Re: [PATCH v3 4/4] drm/xe/guc: Track FAST_REQ H2Gs to report where errors came from

Intel-XE Archive on lore.kernel.org
 help / color / mirror / Atom feed

From: John Harrison <john.c.harrison@intel.com>
To: Michal Wajdeczko <michal.wajdeczko@intel.com>,
	<Intel-Xe@Lists.FreeDesktop.Org>
Cc: Daniele Ceraolo Spurio <daniele.ceraolospurio@intel.com>
Subject: Re: [PATCH v3 4/4] drm/xe/guc: Track FAST_REQ H2Gs to report where errors came from
Date: Mon, 12 May 2025 12:52:48 -0700	[thread overview]
Message-ID: <5c7bacb4-d1ba-4980-92df-085c4f405762@intel.com> (raw)
In-Reply-To: <9c82c88b-9d17-4954-ae84-a89e73773038@intel.com>

On 5/8/2025 1:11 PM, Michal Wajdeczko wrote:
> On 08.05.2025 03:34, John.C.Harrison@Intel.com wrote:
>> From: John Harrison <John.C.Harrison@Intel.com>
>>
>> Most H2G messages are FAST_REQ which means no synchronous response is
>> expected. The messages are sent as fire-and-forget with no tracking.
>> However, errors can still be returned when something goes unexpectedly
>> wrong. That leads to confusion due to not being able to match up the
>> error response to the originating H2G.
>>
>> So add support for tracking the FAST_REQ H2Gs and matching up an error
>> response to its originator. This is only enabled in XE_DEBUG builds
>> given that such errors should never happen in a working system and
>> there is an overhead for the tracking.
>>
>> Further, if XE_DEBUG_GUC is enabled then even more memory and time is
>> used to record the call stack of each H2G and report that with the
>> error. That makes it much easier to work out where a specific H2G came
>> from if there are multiple code paths that can send it.
>>
>> v2: Some re-wording of comments and prints, more consistent use of #if
>> vs stub functions - review feedback from Daniele & Michal).

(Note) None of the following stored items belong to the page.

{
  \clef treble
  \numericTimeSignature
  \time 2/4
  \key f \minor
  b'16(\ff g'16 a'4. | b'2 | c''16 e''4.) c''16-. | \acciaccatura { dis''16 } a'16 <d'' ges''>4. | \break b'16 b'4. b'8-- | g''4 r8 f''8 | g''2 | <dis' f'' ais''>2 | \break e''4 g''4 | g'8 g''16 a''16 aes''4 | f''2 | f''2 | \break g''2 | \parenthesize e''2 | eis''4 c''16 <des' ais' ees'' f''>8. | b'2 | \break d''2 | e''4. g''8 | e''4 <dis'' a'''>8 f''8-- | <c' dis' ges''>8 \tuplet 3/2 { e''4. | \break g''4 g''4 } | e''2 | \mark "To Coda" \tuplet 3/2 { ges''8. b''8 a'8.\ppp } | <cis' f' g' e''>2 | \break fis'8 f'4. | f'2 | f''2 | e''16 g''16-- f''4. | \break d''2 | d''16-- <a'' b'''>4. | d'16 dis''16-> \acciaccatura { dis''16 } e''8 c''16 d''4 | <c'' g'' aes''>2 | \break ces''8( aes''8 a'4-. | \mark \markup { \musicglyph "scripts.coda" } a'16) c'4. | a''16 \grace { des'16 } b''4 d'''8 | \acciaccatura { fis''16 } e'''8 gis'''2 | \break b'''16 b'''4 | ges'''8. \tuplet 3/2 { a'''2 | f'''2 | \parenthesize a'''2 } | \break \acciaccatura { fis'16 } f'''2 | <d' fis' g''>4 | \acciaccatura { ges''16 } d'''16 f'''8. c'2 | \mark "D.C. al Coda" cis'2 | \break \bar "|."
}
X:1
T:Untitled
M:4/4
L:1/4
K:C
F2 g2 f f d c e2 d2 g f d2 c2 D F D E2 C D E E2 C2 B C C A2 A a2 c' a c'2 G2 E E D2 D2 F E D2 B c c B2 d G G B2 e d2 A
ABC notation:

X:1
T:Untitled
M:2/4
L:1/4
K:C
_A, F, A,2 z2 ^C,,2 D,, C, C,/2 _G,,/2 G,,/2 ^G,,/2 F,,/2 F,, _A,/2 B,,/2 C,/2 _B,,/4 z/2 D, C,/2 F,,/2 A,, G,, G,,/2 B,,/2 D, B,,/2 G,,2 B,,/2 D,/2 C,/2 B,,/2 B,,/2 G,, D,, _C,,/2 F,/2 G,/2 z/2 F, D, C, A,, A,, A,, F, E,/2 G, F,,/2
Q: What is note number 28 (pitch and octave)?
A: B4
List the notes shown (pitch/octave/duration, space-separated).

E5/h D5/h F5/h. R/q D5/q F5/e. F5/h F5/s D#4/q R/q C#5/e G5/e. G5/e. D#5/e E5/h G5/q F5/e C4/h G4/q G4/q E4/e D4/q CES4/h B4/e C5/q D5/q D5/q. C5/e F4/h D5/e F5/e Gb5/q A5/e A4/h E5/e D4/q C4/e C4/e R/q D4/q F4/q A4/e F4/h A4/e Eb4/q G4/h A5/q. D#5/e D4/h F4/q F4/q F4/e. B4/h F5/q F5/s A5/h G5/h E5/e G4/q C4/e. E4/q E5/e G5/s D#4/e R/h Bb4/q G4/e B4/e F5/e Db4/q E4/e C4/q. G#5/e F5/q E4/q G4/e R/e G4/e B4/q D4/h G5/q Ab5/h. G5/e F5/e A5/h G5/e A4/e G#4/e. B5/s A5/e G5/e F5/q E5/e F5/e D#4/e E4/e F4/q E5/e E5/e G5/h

>> v3: Split config change to separate patch, improve a debug print
>> (review feedback from Michal).
>>
>> Original-i915-code: Michal Wajdeczko <michal.wajdeczko@intel.com>
>> Signed-off-by: John Harrison <John.C.Harrison@Intel.com>
>> Reviewed-by: Daniele Ceraolo Spurio <daniele.ceraolospurio@intel.com>
> Reviewed-by: Michal Wajdeczko <michal.wajdeczko@intel.com>
>
> with few nits below
>
>> ---
>>   drivers/gpu/drm/xe/Kconfig.debug     |   5 +-
>>   drivers/gpu/drm/xe/xe_guc_ct.c       | 116 ++++++++++++++++++++++-----
>>   drivers/gpu/drm/xe/xe_guc_ct_types.h |  15 ++++
>>   3 files changed, 116 insertions(+), 20 deletions(-)
>>
>> diff --git a/drivers/gpu/drm/xe/Kconfig.debug b/drivers/gpu/drm/xe/Kconfig.debug
>> index db063a513b1e..01735c6ece8b 100644
>> --- a/drivers/gpu/drm/xe/Kconfig.debug
>> +++ b/drivers/gpu/drm/xe/Kconfig.debug
>> @@ -90,10 +90,13 @@ config DRM_XE_DEBUG_GUC
>>           bool "Enable extra GuC related debug options"

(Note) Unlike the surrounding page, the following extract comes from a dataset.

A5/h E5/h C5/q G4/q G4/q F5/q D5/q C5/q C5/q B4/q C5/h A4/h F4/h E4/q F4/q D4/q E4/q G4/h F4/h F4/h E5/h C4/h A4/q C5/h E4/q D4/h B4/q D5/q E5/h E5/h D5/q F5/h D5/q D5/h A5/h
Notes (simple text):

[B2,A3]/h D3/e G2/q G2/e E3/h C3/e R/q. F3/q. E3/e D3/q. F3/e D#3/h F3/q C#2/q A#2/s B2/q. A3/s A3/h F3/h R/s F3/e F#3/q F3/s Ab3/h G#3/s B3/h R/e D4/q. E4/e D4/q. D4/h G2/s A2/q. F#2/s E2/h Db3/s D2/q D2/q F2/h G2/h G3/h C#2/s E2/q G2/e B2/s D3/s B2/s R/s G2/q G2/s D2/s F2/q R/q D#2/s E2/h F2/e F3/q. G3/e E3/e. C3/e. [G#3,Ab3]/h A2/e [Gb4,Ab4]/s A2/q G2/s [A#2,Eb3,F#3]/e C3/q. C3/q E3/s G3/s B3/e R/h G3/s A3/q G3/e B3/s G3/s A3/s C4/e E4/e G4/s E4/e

>>           depends on DRM_XE_DEBUG
>>           default n
>> +        select STACKDEPOT
>>           help
>>             Choose this option when debugging guc issues.
>>             The GuC log buffer is increased to the maximum allowed, which should
>> -          be large enough for complex issues.

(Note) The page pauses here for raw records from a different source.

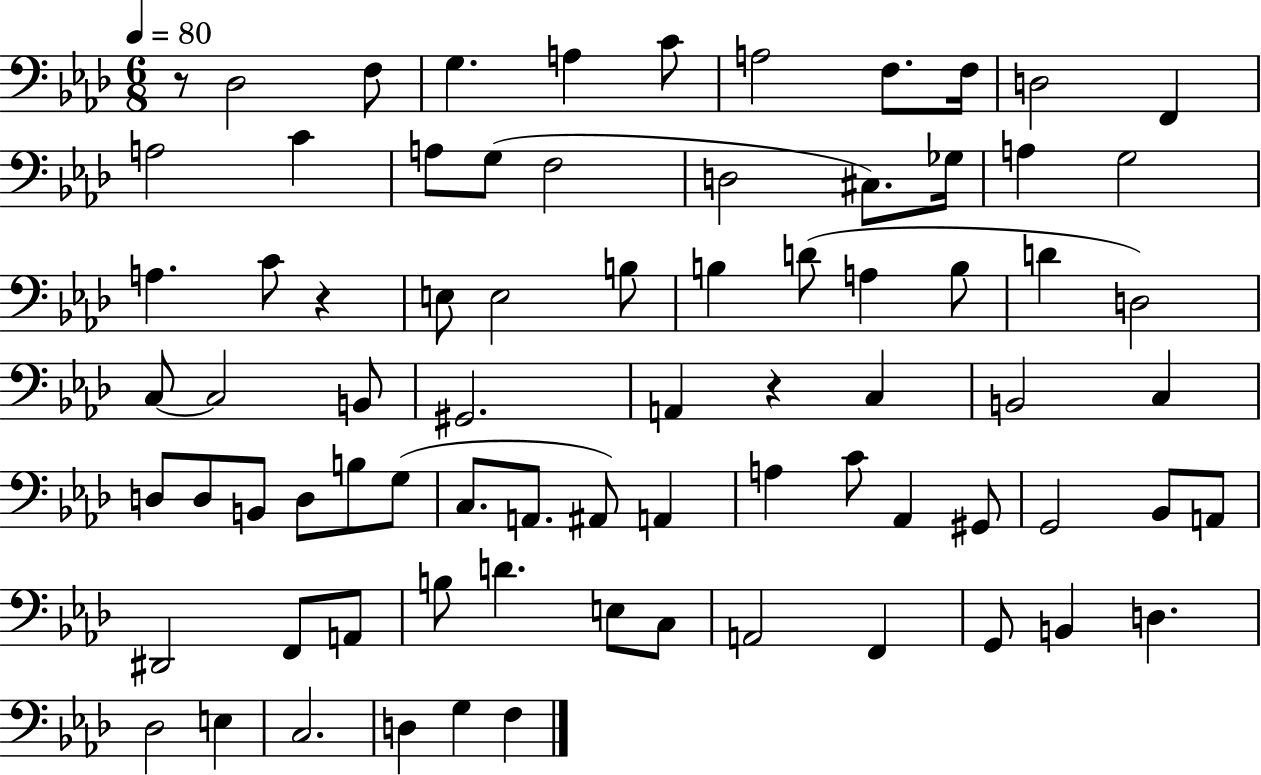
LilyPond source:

{
  \clef bass
  \numericTimeSignature
  \time 6/8
  \key aes \major
  \tempo 4 = 80
  \repeat volta 2 { r8 des2 f8 | g4. a4 c'8 | a2 f8. f16 | d2 f,4 | \break a2 c'4 | a8 g8( f2 | d2 cis8.) ges16 | a4 g2 | \break a4. c'8 r4 | e8 e2 b8 | b4 d'8( a4 b8 | d'4 d2) | \break c8~~ c2 b,8 | gis,2. | a,4 r4 c4 | b,2 c4 | \break d8 d8 b,8 d8 b8 g8( | c8. a,8. ais,8) a,4 | a4 c'8 aes,4 gis,8 | g,2 bes,8 a,8 | \break dis,2 f,8 a,8 | b8 d'4. e8 c8 | a,2 f,4 | g,8 b,4 d4. | \break des2 e4 | c2. | d4 g4 f4 | } \bar "|."
} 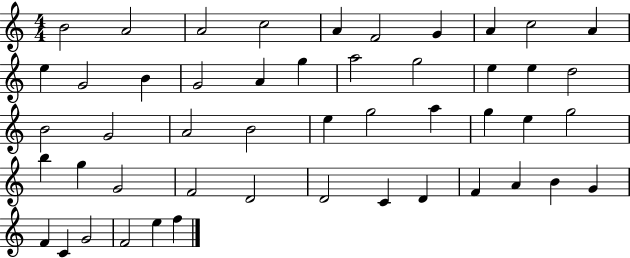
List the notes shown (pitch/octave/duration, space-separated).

B4/h A4/h A4/h C5/h A4/q F4/h G4/q A4/q C5/h A4/q E5/q G4/h B4/q G4/h A4/q G5/q A5/h G5/h E5/q E5/q D5/h B4/h G4/h A4/h B4/h E5/q G5/h A5/q G5/q E5/q G5/h B5/q G5/q G4/h F4/h D4/h D4/h C4/q D4/q F4/q A4/q B4/q G4/q F4/q C4/q G4/h F4/h E5/q F5/q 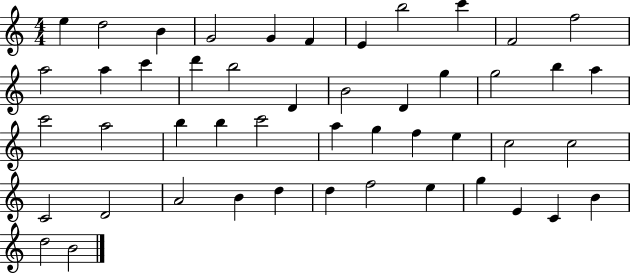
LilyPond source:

{
  \clef treble
  \numericTimeSignature
  \time 4/4
  \key c \major
  e''4 d''2 b'4 | g'2 g'4 f'4 | e'4 b''2 c'''4 | f'2 f''2 | \break a''2 a''4 c'''4 | d'''4 b''2 d'4 | b'2 d'4 g''4 | g''2 b''4 a''4 | \break c'''2 a''2 | b''4 b''4 c'''2 | a''4 g''4 f''4 e''4 | c''2 c''2 | \break c'2 d'2 | a'2 b'4 d''4 | d''4 f''2 e''4 | g''4 e'4 c'4 b'4 | \break d''2 b'2 | \bar "|."
}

>> +          be large enough for complex issues. The tracking of FAST_REQ messages
>> +          is extended to include a record of the calling stack, which is then
>> +          dumped on a FAST_REQ error notification.
>>   
>>             Recommended for driver developers only.
>>   
>> diff --git a/drivers/gpu/drm/xe/xe_guc_ct.c b/drivers/gpu/drm/xe/xe_guc_ct.c
>> index 9213fdc25950..2d38aea9c0a2 100644
>> --- a/drivers/gpu/drm/xe/xe_guc_ct.c
>> +++ b/drivers/gpu/drm/xe/xe_guc_ct.c
>> @@ -625,6 +625,47 @@ static void g2h_release_space(struct xe_guc_ct *ct, u32 g2h_len)
>>   	spin_unlock_irq(&ct->fast_lock);
>>   }
>>   
>> +#if IS_ENABLED(CONFIG_DRM_XE_DEBUG)
>> +static void fast_req_track(struct xe_guc_ct *ct, u16 fence, u16 action)
>> +{
>> +	unsigned int slot = fence % ARRAY_SIZE(ct->fast_req);
>> +#if IS_ENABLED(CONFIG_DRM_XE_DEBUG_GUC)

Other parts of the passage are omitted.